● **Source records**:

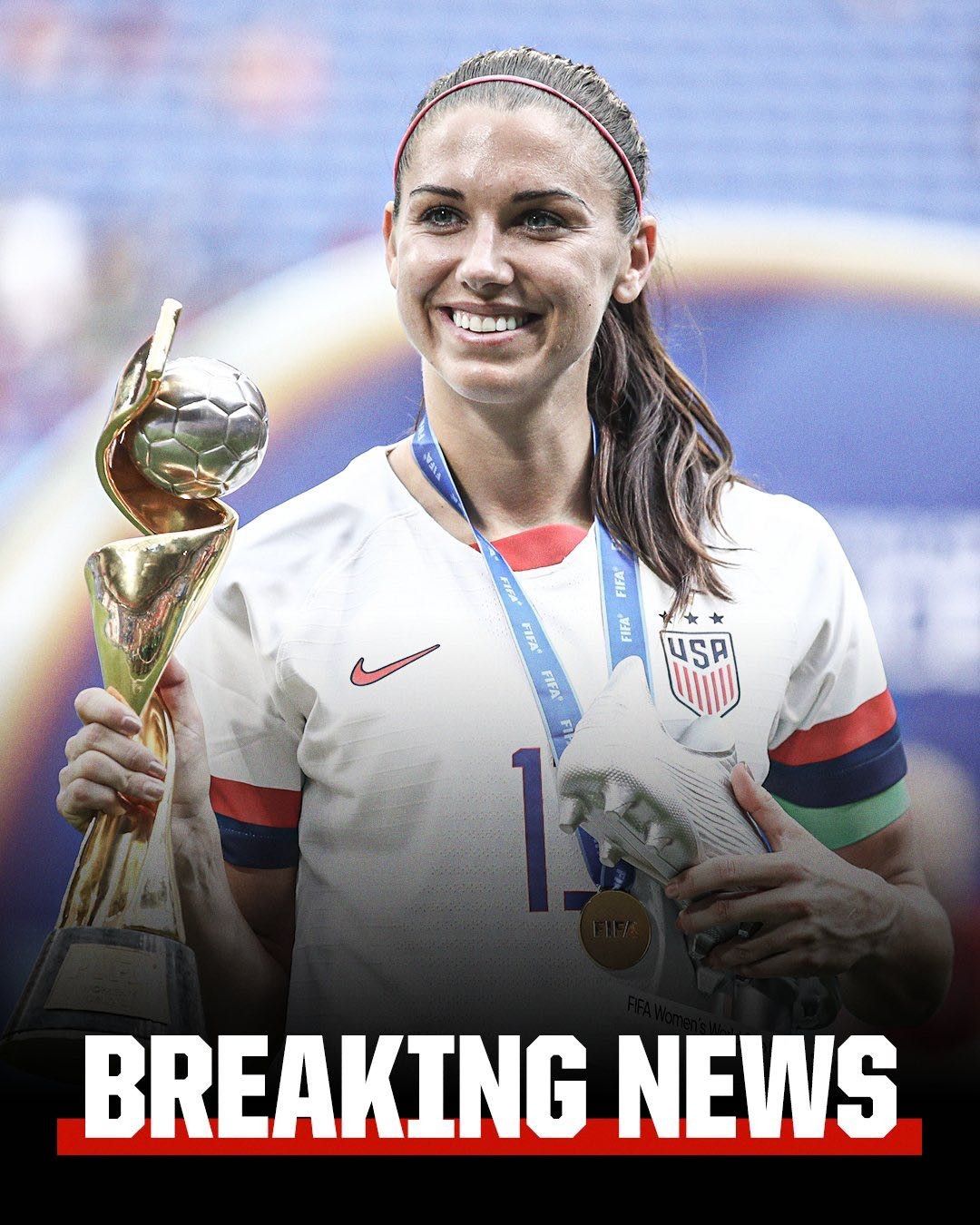 BREAKING: USWNT Legend Alex Morgan Announces Retirement; Final Match on September 8th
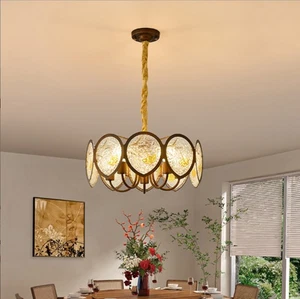 5-Lights Luxury Retro Chandelier Light LED Pandant Lamp Indoor Ceiling Fixtures - Picture 1 of 8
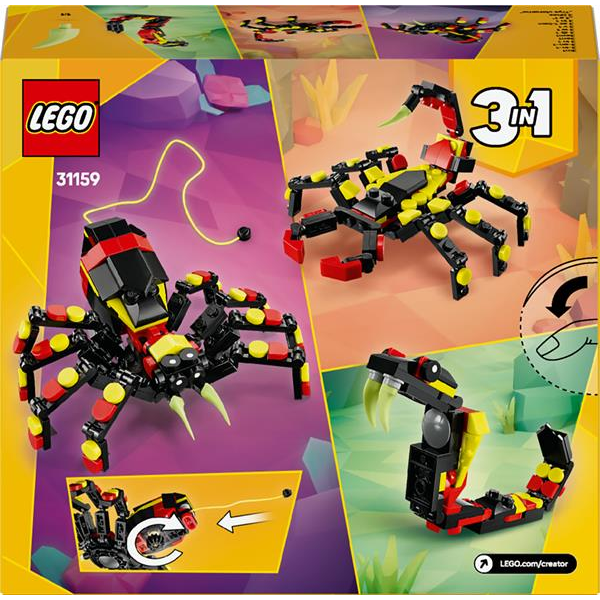 Конструктор LEGO Creator Дикі тварини: дивовижний павук 153 деталі (31159)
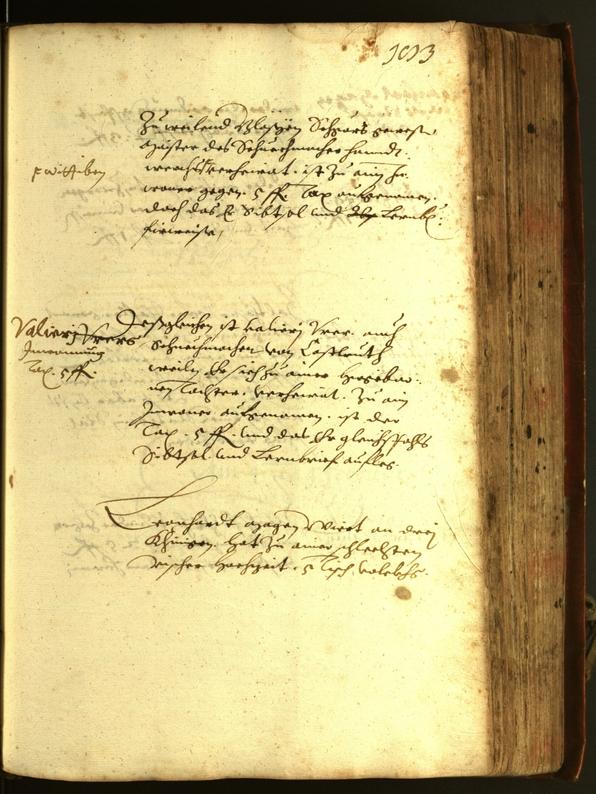 Stadtarchiv Bozen - BOhisto Ratsprotokoll 1611 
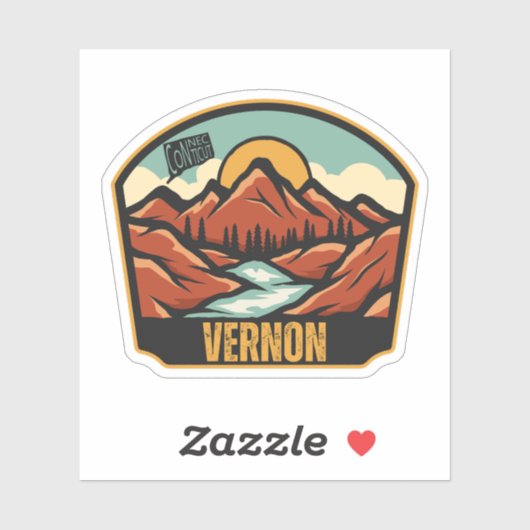 Vernon, Connecticut Sticker (Vel)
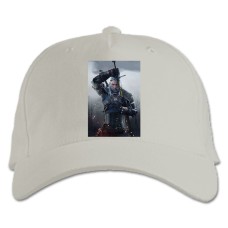 Baseball cap with Print The Witcher Geralt Of Rivia Hero - white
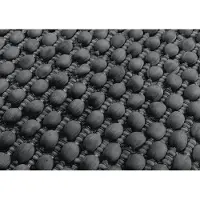 Zohome Badmat Mauro - Classic Anthracite - Badkamermat - Bidetmat - Badmat Antislip - 40% Katoen 60% Polyester - 60x100 cm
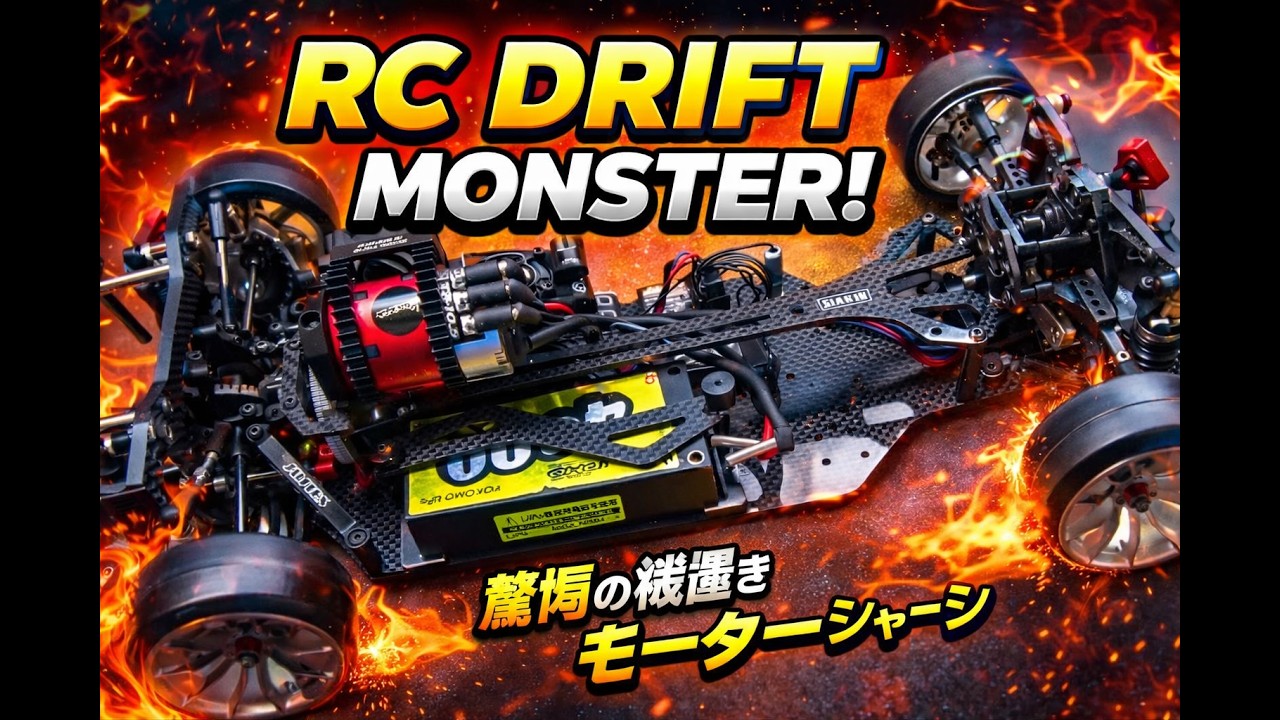 RC Drift Monster! WRAP-UP NEXT NERVIS Premium Chassis Walkaround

● **TASK REQUIREMENTS**: The line containing "Baseball cap with" marks where the copy ends; print every line before it from the start of the records, and that line too, but no pictures.

● **ANSWER TO THE PROBLEM**:
 BREAKING: USWNT Legend Alex Morgan Announces Retirement; Final Match on September 8th
 5-Lights Luxury Retro Chandelier Light LED Pandant Lamp Indoor Ceiling Fixtures - Picture 1 of 8
 Конструктор LEGO Creator Дикі тварини: дивовижний павук 153 деталі (31159)
 Stadtarchiv Bozen - BOhisto Ratsprotokoll 1611 
 Vernon, Connecticut Sticker (Vel)
 Baseball cap with Print The Witcher Geralt Of Rivia Hero - white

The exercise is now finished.